The Blind Man and the Lame Man in Data Science

“But combining both the flawed government data with the imperfect night light data gives a better estimate than either source alone provide.”

[Everybody lies, Seth Stephens-Davidowitz]

In a well-known fable, “The blind man and the lame man”, they can cross the bridge together. ‘A blind man carried a lame man on his back, lending him his feet and borrowing from him his eyes’. This story tells us how the collaboration overcome the difficulties.

In the Big Data era, the same collaboration is highly required to analyze and extract useful information from Big Data. Generally, it takes a long time and is costly to obtain highly accurate data while less accurate data is cheap and fast to access. Then, we need to blend these two different data (a few highly accurate data and a lot of less accurate data) to better analyze data, leading to correct forecast and prediction.

Beyond Pride and Prejudice

“First, and perhaps most important, if you are going to try to use new data to revolutionize a field, it is best to go into a field where old methods are lousy.”

[Everybody lies, Seth Stephens-Davidowitz]

Our decisions are often based on prejudice, resulting in a bad ending.

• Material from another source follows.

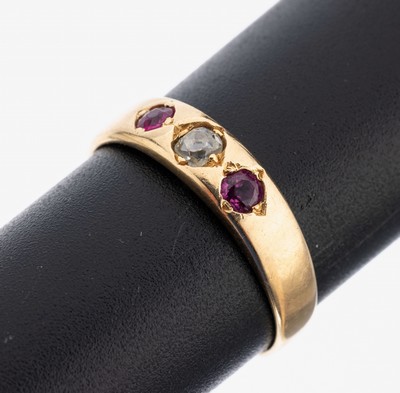 14 kt Gold Diamant-Rubin-Ring, um 1900, GG 585/000, Altschliffdiamant ca. 0.10 ct Weiß/p1, 2 rundfacett. Rubine zus. ca. 0.10 ctct, RW 56, ca. 2.1 g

Specifically, our prejudice stems from wrong or weak cause-and-effect which totally depends on our limited experiences, pseudosciences, or popular misconceptions.

Big Data makes us escape from bias, provides the right cause-and-effect, and finally suggests the optimal choice. For example (in this book), a pedigree has been commonly regarded as a primary factor for choosing a racing horse but it is NOT. Big Data shows the size of the heart (specifically the left ventricle) is a much more important factor. But we should keep in mind that data science and Big Data is not always perfect. Biased and incomplete data also provides another data-driven prejudice and misconception.

David Hume as a Data Scientist

“Hume believed that we can’t be absolutely certain about anything that is based only on traditional beliefs, testimony, habitual relationships, or cause and effect. In short, we can rely only on what we learn from experience.”

[The Theory That Would Not Die, McGrayne, Sharon B.]

Empiricism put forth by David Hume claims that observation/investigation is the correct way to extend our cognitive capacities. However, individual experiences often are incomplete and biased due to limited experiences. Hence, practically, it is skeptical to gain certainty based only on personal experience, observations, and investigation.

Nowadays, in the Big Data era, we have enormous data collected from all the people in the world. Integrated data can provide unbiased and common observation about human nature. That is, it is time to recall Hume’s empiricism. In fact, the fundamental philosophy of machine learning is totally based on Hume’s empiricism and this would bring us closer to “Truth”. If Hume was still alive, he would be a Googler.

The Intrinsicscope

“The microscope showed us there is more to a drop of pond water than we think we see. The telescope showed us there is more to the night sky than we think we see. And new, digital data now shows us there is more to human society than we think we see”

[Everybody lies, Seth Stephens-Davidowitz]

Sometimes we see others’ incomprehensible behaviors and realize that individual human behaviors are too complex, complicated, and random to understand. However, group behavior (instead of individual behaviors) often has an intrinsic and typical pattern. That is, group behavior is not just the sum of individual behaviors.

Data science is spotting these patterns and extracting dominant factors to make these patterns from Big Data, which enable us to clearly understand our society. While a telescope or microscope shows us more detailed observations, the intrinsicscope shows us a more coarse-grained insight to better understand a complex system in our society.